_Task objective_: The pictures are to be left out, and all remaining data is to be transcribed exactly as it appears.

_Data_:
----
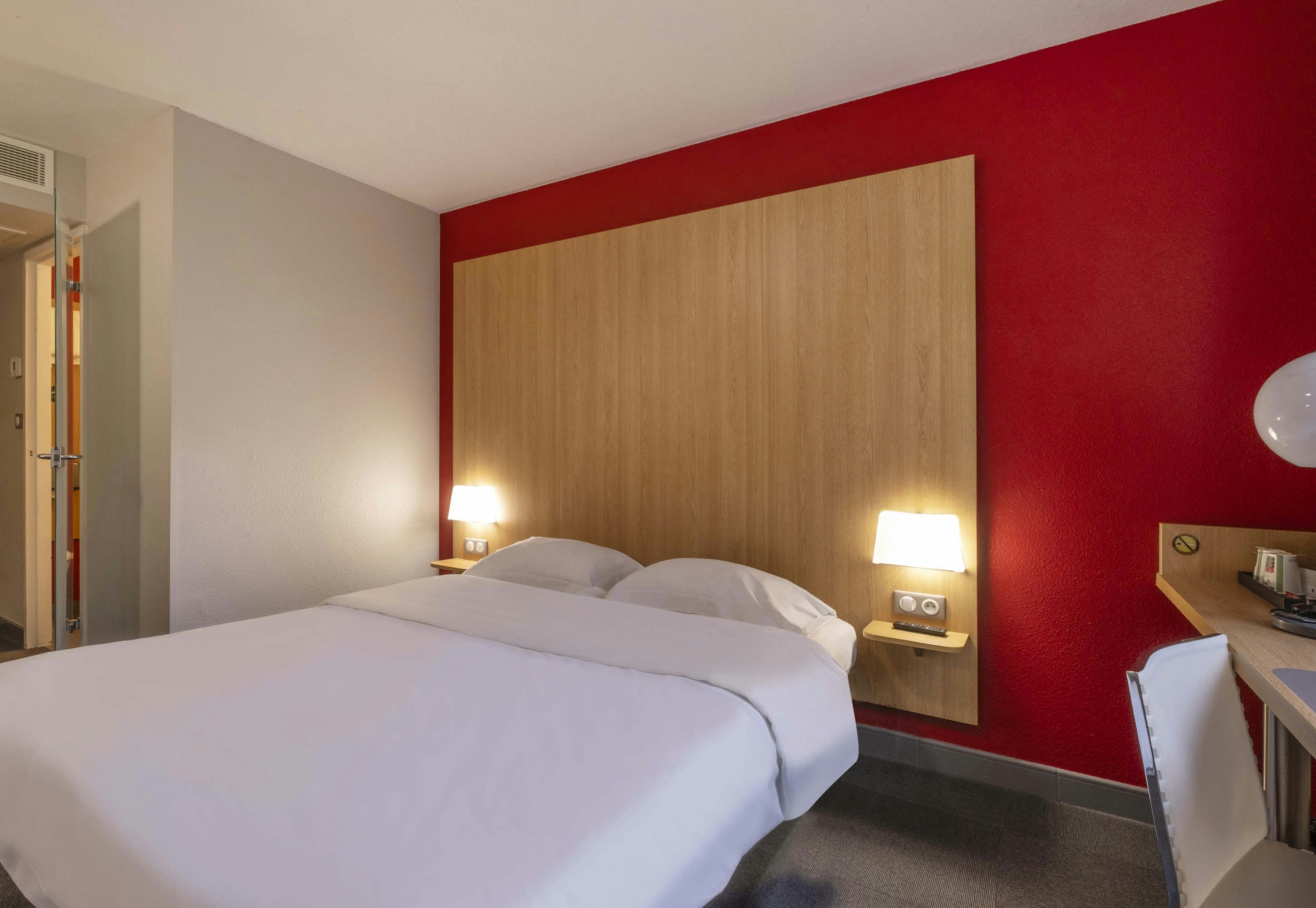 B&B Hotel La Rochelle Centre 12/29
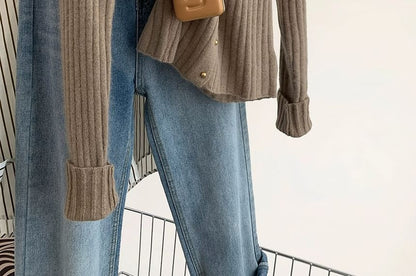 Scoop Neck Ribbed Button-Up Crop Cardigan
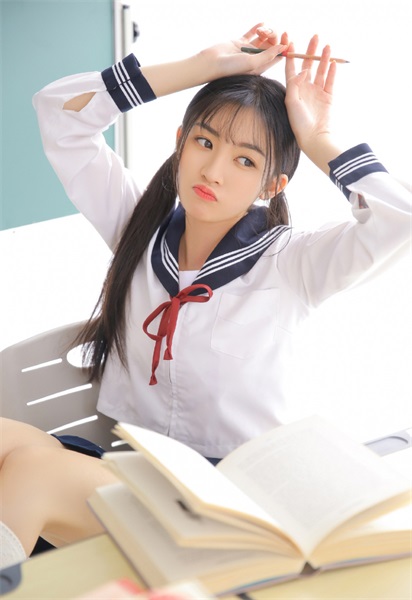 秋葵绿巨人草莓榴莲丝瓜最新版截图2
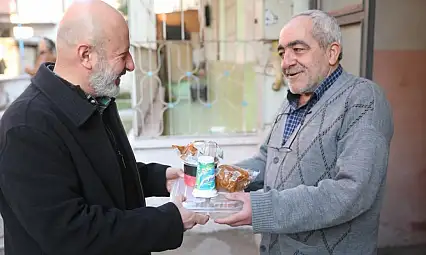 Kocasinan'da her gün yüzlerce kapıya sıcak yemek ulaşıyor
----
_Output of the exercise_:
 B&B Hotel La Rochelle Centre 12/29
 Scoop Neck Ribbed Button-Up Crop Cardigan
 秋葵绿巨人草莓榴莲丝瓜最新版截图2
 Kocasinan'da her gün yüzlerce kapıya sıcak yemek ulaşıyor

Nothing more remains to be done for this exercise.